"Mas, onde quer que não vos receberem, saindo daquela cidade, sacudi o pó dos vossos pés, em testemunho contra eles". (Lucas 9:5).
É verdade que não sou grande especialista em Bíblia, contudo esses dias andei lembrando desse verso e traçando alguns paralelos entre ele e o dia-a-dia. O contexto é de alguém que vai levar uma mensagem a uma determinada localidade e não é bem aceito pelos receptores. Verso praticamente auto-explicável.

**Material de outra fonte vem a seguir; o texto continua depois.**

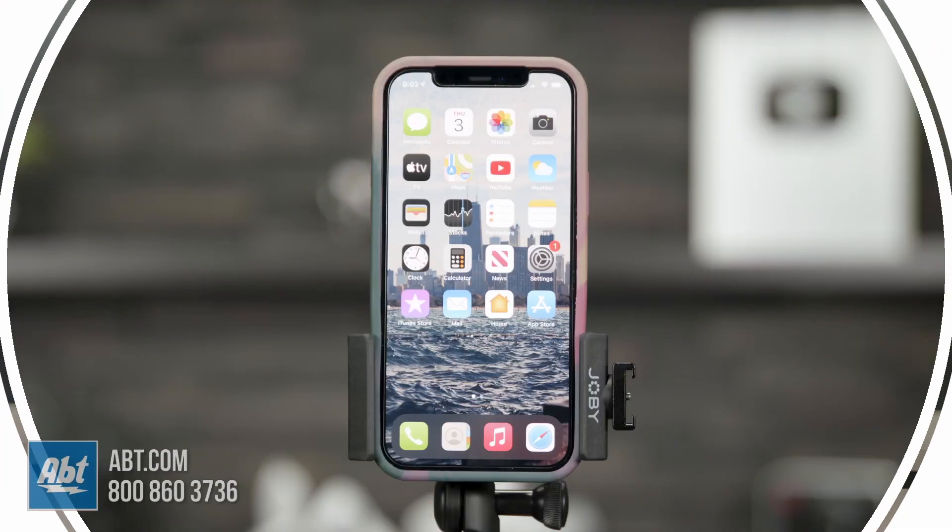Hi everyone, I'm Caitlin and welcome to part three of cool iPhone tips and tricks I bet you didn't know. Let's jump into it.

Se visto como perda, a não recepção de uma mensagem ou intuito pode gerar traumas e inseguranças a quem se lança na aventura de viver. Diversas vezes falaram que "rapadura é doce, mas não é mole" e que "quem tem medo de cagar, não coma". Fato é, muito já se explorou sobre o risco de tomar decisões, envolver-se, arriscar-se, enfim, viver. Entretanto, tive extrema dificuldade em encontrar ditados ou mensagens a respeito das derrotas.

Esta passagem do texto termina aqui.